Ces mesures et ces appels à la responsabilité des pollueurs n’ont pas eu beaucoup d’effet – on a d’ailleurs enregistré une augmentation des cultures sur brûlis au Punjab. D’où des réponses d’urgence, dont les plus significatives ont consisté à fermer les écoles et, pour les particuliers et les entreprises, à équiper bureaux, logements et voitures particulières de purificateurs d’air. Un bar où on peut faire le plein d’oxygène au moyen de bouteilles d’air comprimé a même ouvert – on peut y "consommer" pendant un quart d’heure à un tarif allant de 299 (heure creuse) à 499 roupies (heure d’affluence).
Si Delhi forme l’épicentre de ce qu’on appelle "l’airpocalypse", non seulement d’autres villes, coincées comme la capitale indienne sous l’arc himalayen (Lucknow, Faridabad, Kanpur, Varanasi, Agra etc.), battent également des records de pollution, mais c’est aussi le cas d’Ahmedabad, Pune, Hyderabad, Mumbai, Bangalore etc.
Depuis le pic de pollution à Pékin en janvier 2013, comment les autorités chinoises ont-elles traité la crise de la qualité de l’air en Chine ?
MATHIEU DUCHÂTEL
Le plus spécifique au cas de Pékin, c’est le basculement d’une posture de déni à la déclaration soudaine d’une urgence nationale. L’exaspération de la frange la mieux informée de la population de la Chine du Nord et l’image internationale désastreuse que renvoie la pollution dans la capitale chinoise finissent par converger lors de l’épisode "airpocalypse" de janvier 2013. Les taux de polluants dans l’air sont alors très comparables aux mesures réalisées à New Delhi cet automne. À Pékin et dans la province du Hebei, qui concentre les industries lourdes, dont près de 25 % de la production nationale d’acier, la concentration de particules PM 2.5 dépasse 1000 μg/m3 à plusieurs reprises, et la moyenne stagne autour de 500 μg/m3, un niveau auquel les effets sur la santé des plus fragiles sont immédiats. L’air que l’on respire à Pékin a alors un goût de métal.
Les résidents de Pékin sont habitués aux successions de deux à trois jours d’épais brouillard toxique. Les vents du nord finissent toujours par le dissiper. Mais le pic de janvier 2013 frappe par son intensité, sa durée et son niveau de nuisance (annulations de centaines de vols par exemple). Avant cette crise, la pollution était traitée comme un autre dossier politique trop sensible sur lequel il valait mieux garder le silence pour éviter d’alarmer la population. Les médias chinois fermaient l’œil malgré le coût pour la santé publique, qui se compte en années d’espérance de vie et en cancers du poumon.
En 2013, le seul indicateur disponible pour les PM 2,5 est celui de l’ambassade des États-Unis, grâce au capteur qu’elle a installé sur son toit pour le prix d’une voiture. Accessibles sur le compte Twitter de l’ambassade et via des applications smartphones, les mesures exercent une pression forte sur les autorités chinoises en raison de la couverture médiatique internationale qu’elles génèrent, mais aussi de l’attention qu’elles créent au-delà de la communauté étrangère de Pékin auprès des résidents qui cherchent à s’informer.
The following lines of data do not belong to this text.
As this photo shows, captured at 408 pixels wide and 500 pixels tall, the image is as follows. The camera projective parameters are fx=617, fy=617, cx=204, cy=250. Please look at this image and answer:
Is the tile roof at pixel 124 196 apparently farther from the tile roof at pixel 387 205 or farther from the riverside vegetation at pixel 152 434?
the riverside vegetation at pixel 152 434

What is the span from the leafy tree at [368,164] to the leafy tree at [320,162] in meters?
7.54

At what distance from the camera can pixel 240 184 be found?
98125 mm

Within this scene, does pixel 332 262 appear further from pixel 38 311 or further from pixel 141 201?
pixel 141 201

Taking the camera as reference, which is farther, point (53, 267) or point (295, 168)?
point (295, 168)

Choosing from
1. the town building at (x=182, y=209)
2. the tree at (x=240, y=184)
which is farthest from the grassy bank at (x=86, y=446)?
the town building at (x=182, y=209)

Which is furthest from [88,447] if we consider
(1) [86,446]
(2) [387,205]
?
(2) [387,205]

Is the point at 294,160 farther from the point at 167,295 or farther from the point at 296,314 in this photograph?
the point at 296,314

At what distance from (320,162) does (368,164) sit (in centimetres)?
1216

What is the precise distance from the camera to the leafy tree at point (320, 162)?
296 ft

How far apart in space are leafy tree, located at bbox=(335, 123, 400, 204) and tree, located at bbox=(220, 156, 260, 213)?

La sortie du déni est brutale. Une fois la qualification du problème d’urgence nationale et l’annonce par le Premier Ministre Wen Jiabao, en mars 2014, d’une "guerre contre la pollution", l’État chinois redouble d’efforts, avec sa force de frappe, son efficacité et sa capacité à assumer des dommages collatéraux sévères sur les intérêts particuliers, mais en recherchant malgré tout un équilibre entre qualité de l’air et intérêts industriels. Un plan d’action national de 2013 assigne à la zone Pékin/Tianjin/Hebei l’objectif ambitieux d’une réduction de 25 % de leurs émissions annuelles de PM 2,5 à l’horizon 2017. Quant à Pékin, ses émissions doivent être contrôlées à un niveau inférieur à 60 μg/m3, un objectif qui demeure malgré tout très supérieur à la norme de l’OMS, 10 μg/m3.
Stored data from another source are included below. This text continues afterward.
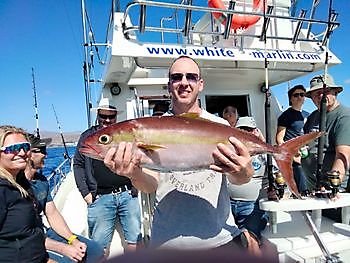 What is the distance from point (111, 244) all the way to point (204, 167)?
2.99 m

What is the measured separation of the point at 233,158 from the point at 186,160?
10.6 inches

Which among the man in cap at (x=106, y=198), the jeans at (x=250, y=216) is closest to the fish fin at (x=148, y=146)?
the jeans at (x=250, y=216)

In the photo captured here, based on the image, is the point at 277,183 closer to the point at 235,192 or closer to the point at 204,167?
the point at 235,192

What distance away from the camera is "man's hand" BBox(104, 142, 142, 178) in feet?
5.60

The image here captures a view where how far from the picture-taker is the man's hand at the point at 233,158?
1.71m

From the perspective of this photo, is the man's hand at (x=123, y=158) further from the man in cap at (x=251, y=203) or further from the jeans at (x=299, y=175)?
the jeans at (x=299, y=175)

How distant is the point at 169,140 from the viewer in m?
1.77

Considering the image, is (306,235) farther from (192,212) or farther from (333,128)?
(192,212)

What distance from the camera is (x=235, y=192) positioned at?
137 inches

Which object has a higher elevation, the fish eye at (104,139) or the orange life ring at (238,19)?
the orange life ring at (238,19)

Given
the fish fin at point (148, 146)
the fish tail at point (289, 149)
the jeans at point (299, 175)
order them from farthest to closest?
the jeans at point (299, 175) < the fish tail at point (289, 149) < the fish fin at point (148, 146)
Ces objectifs sont atteints, mais le problème de pollution demeure. En 2018, la moyenne annuelle à Pékin est de 58 μg/m3. Les pics sont plus espacés et moins violents mais n’ont pas entièrement disparus – 202 au 22 novembre 2019. Les problèmes avec d’autres polluants, comme l’ozone, restent graves. Mais les villes du Hebei étouffées par la pollution – Shijiazhuang, Tangshan, Handan, Baoding et Langfang – ont connu des réductions comparables.